The caveats for the template suggest using it in way that would render the same in Parsoid,
https://en.wikivoyage.org/wiki/Template:Dead_link#Caveats

I imagine the dead link template is popular and maybe we should grep to see how strictly that's followed.

ABreault-WMF triaged this task as Medium priority.
ABreault-WMF moved this task from Backlog to In Progress on the Content-Transform-Team-WIP board.

I don’t think T369997 is the same as this: there, the wikitext isn’t broken IMO (link after link without any separation), while here it’s clearly broken (unclosed link).

I don’t think T369997 is the same as this

From T368724#9957753,

even if you were to try to fix it ... you'd still have rendering differences in Parsoid. Parsoid tokenizes the template as part of the href and doesn't recover when it expands url terminating chars.

Change #1055313 had a related patch set uploaded (by Arlolra; author: Arlolra):

[mediawiki/services/parsoid@master] [WIP] Extlink with templated url terminating chars

https://gerrit.wikimedia.org/r/1055313

I imagine the dead link template is popular and maybe we should grep to see how strictly that's followed.

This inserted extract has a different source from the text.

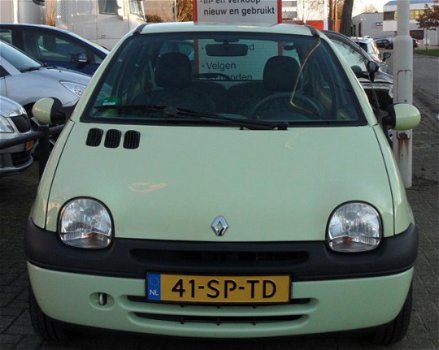 Renault Twingo - 1.2 Expression Elekt. ramen CPV Nieuw APK 72.000Km NAP - 1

This is broken wikitext (for the dead link template). It should at a minimum have a space after the URL as with every other expectation of how external links work. Better, it shouldn't be in the link at all in this form, as the template emits a link itself (assuming this is a copy-paste of the English Wikipedia template). If Parsoid can see through the template expansion here, it will/should perhaps register this issue as a link-in-link error. (Or maybe that category wouldn't catch this case....)

So, categorically, the source wikitext is broken. From that perspective, I think I prefer the Parsoid version of the final rendering if we want to ignore the issue here.

The broader issue of [https://example.com{{template}} example text] is still perhaps worth fixing in the meantime. I think it's plausible {{template}} could hold text that should be part of the URL, but I can't think of many such cases outside of pages already intended to be transcluded.

I don’t think T369997 is the same as this

From T368724#9957753,

even if you were to try to fix it ... you'd still have rendering differences in Parsoid. Parsoid tokenizes the template as part of the href and doesn't recover when it expands url terminating chars.

First, this wasn’t in the description, so it’s unclear if it’s in scope. Second,

Yes, but even if you were to try to fix it as [https://www.tib.org{{Dead link|date=January 2023 |bot=InternetArchiveBot }} TIB Line 412] […]

if you fix it that way, it’s still clearly broken (link-in-link). What I described in T369997 is link-after-link, not link-in-link.

It should at a minimum have a space after the URL as with every other expectation of how external links work.

The template starts with a <sup>. I think it’s sensible to say that unescaped HTML/wikitext syntax terminates the URL, and is interpreted as HTML/wikitext. In fact, for free external links, it’s the only way to put something right after the link, without a space in between (which I think looks much better for dead link templates).

The unclosed link in the description means that you have an autourl followed by a tag,

https://www.tib.org{{Dead link|date=January 2023 |bot=InternetArchiveBot }}

which results in the rendering differences. The unclosed syntax is a red herring. My point was that Parsoid tokenizes the template as part of the href and doesn't recover.

The test in T368724#9997424 captures what we want fixed,
https://gerrit.wikimedia.org/r/c/mediawiki/services/parsoid/+/1055313/1/tests/parser/extLinks.txt

Hopefully you agree. The tests above that for T2289 are the same non-templated cases.